9.2 asked you to filter SNMP polling. I have to remember that SNMP is UDPand not TCP. :-)
Also, it seems that I got lucky:
ip access-list extended FILTER_SNMP_FROM_BB1
deny udp any any eq snmp
permit ip any any
From solution guide:
“The two UDP ports used by SNMP are 161 and 162. UDP port 161 is used by network management devices to poll managed devices. UDP port 162 is used by managed devices to send SNMP traps. Since this section stated r2 and r4 were being polled via SNMP, only UDP port 161 needs to be denied.”
So using “udp eq snmp” in an extended ACL only filters on UDP port 161? Lucky for me. :-)
9.3 – I didn’t have a clue, but they give you enough information to get you started.
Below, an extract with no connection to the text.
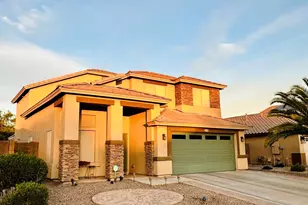 7007 S 45th Ave, Laveen, AZ 85339 - Photo 3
Using the DOC I was able to pick up these points.
9.4 – Completely over my head. Task requires CBAC and Reflexive ACLs. I completely skipped this as I need to study the underlying technologies a lot more.
I was pleasantly surprised to nab 6 points in this section. Of course, the tasks pretty much spelled out what you needed to do (no tricky wording) so it was a matter of just hitting the DOC to get the answers. I don’t expect the actual lab tasks to be this pointed.